CHAPTER II
On the Nature and Uses of Patriotism
Patriotism may be defined as a sense of partisan solidarity in respect of prestige. What the expert psychologists, and perhaps the experts in Political Science, might find it necessary to say in the course of an exhaustive analysis and definition of this human faculty would presumably be something more precise and more extensive. There is no inclination here to forestall definition, but only to identify and describe the concept that loosely underlies the colloquial use of this term, so far as seems necessary to an inquiry into the part played by the patriotic animus in the life of modern peoples, particularly as it bears on questions of war and peace.
On any attempt to divest this concept of all extraneous or adventitious elements it will be found that such a sense of an undivided joint interest in a collective body of prestige will always remain as an irreducible minimum. This is the substantial core about which many and divers subsidiary interests cluster, but without which these other clustering interests and aspirations will not, jointly or severally, make up a working palladium of the patriotic spirit.
It is true, seen in some other light or rated in some other bearing or connection, one and another of these other interests, ideals, aspirations, beatitudes, may well be adjudged nobler, wiser, possibly more urgent than the
national prestige; but in the forum of patriotism all these other necessaries of human life—the glory of God and the good of man—rise by comparison only to the rank of subsidiaries, auxiliaries, amenities. He is an indifferent patriot who will let "life, liberty and the pursuit of happiness" cloud the issue and get in the way of the main business in hand.
There once were, we are told, many hardy and enterprising spirits banded together along the Spanish Main for such like ends, just as there are in our day an even greater number of no less single-minded spirits bent on their own "life, liberty and pursuit of happiness," according to their light, in the money-markets of the modern world; but for all their admirable qualities and splendid achievements, their passionate quest of these amenities has not entitled these Gentlemen Adventurers to claim rank as patriots. The poet says:
"Strike for your altars and your fires!
Strike for the green graves of your sires!

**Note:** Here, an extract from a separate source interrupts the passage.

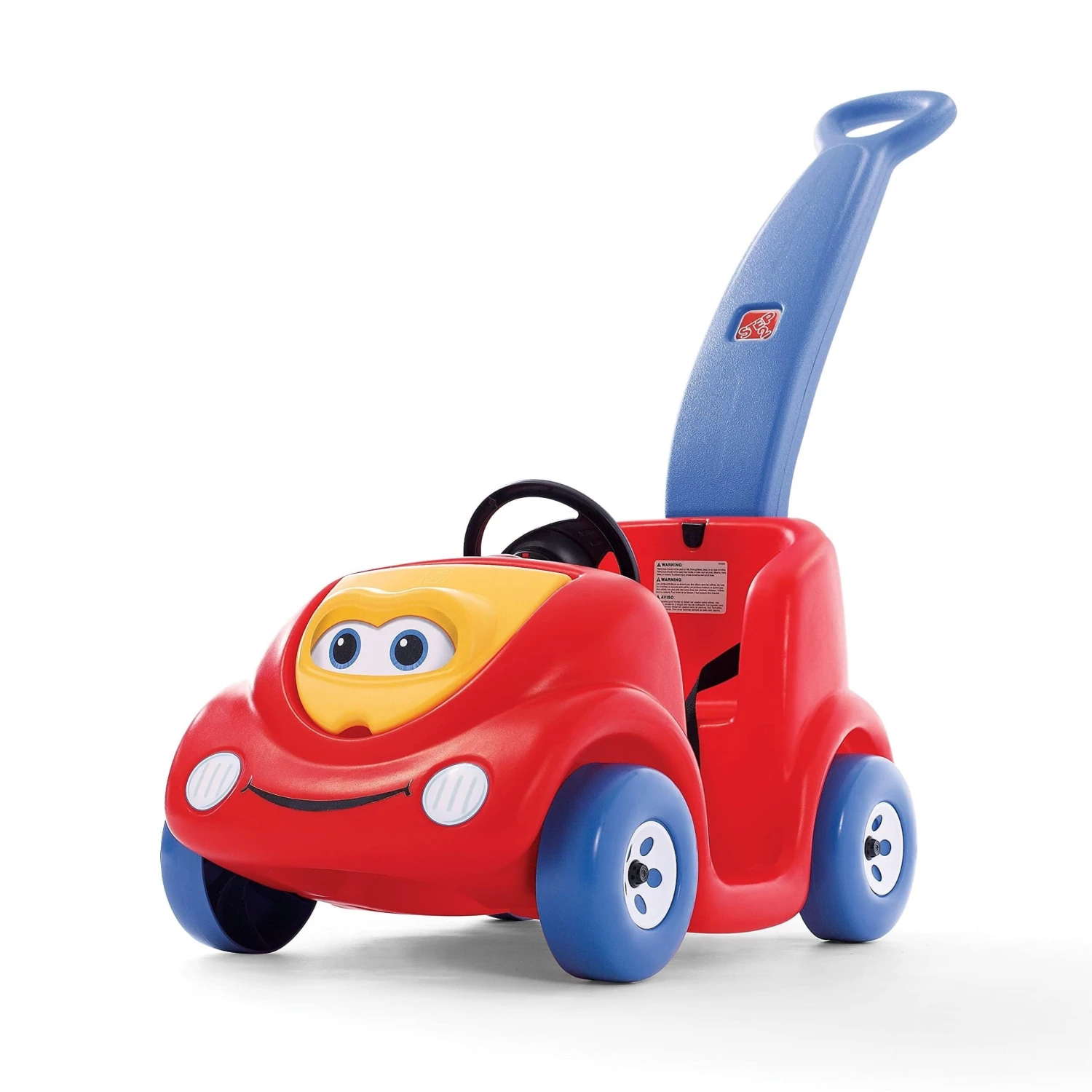 Step2 Push Around Buggy Red And Blue 1 Step2 Push Around Buggy Red And Blue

God and your native land!"
But, again, a temperate scrutiny of the list of desiderata so enumerated in the poet's flight, will quickly bring out the fact that any or all of them might drop out of the situation without prejudice to the plain call of patriotic duty. In the last resort, when the patriotic spirit falls back on its naked self alone, it is not reflection on the merits of these good and beautiful things in Nature that gives him his cue and enforces the ultimate sacrifice. Indeed it is something infinitely more futile and infinitely more urgent,—provided only that the man is imbued with the due modicum of patriotic devotion; as, indeed, men commonly are. It is not faith, hope or charity that abide as the irreducible minimum of virtue in the patriot's
scheme of things; particularly not that charity that has once been highly spoken of as being the greatest of these. It may be that, viewed in the light of reason, as Doctor Katzenberger would say, patriotic devotion is the most futile thing in the world; but, for good or ill, the light of reason has nothing to do with the case,—no more than "The flowers that bloom in the spring."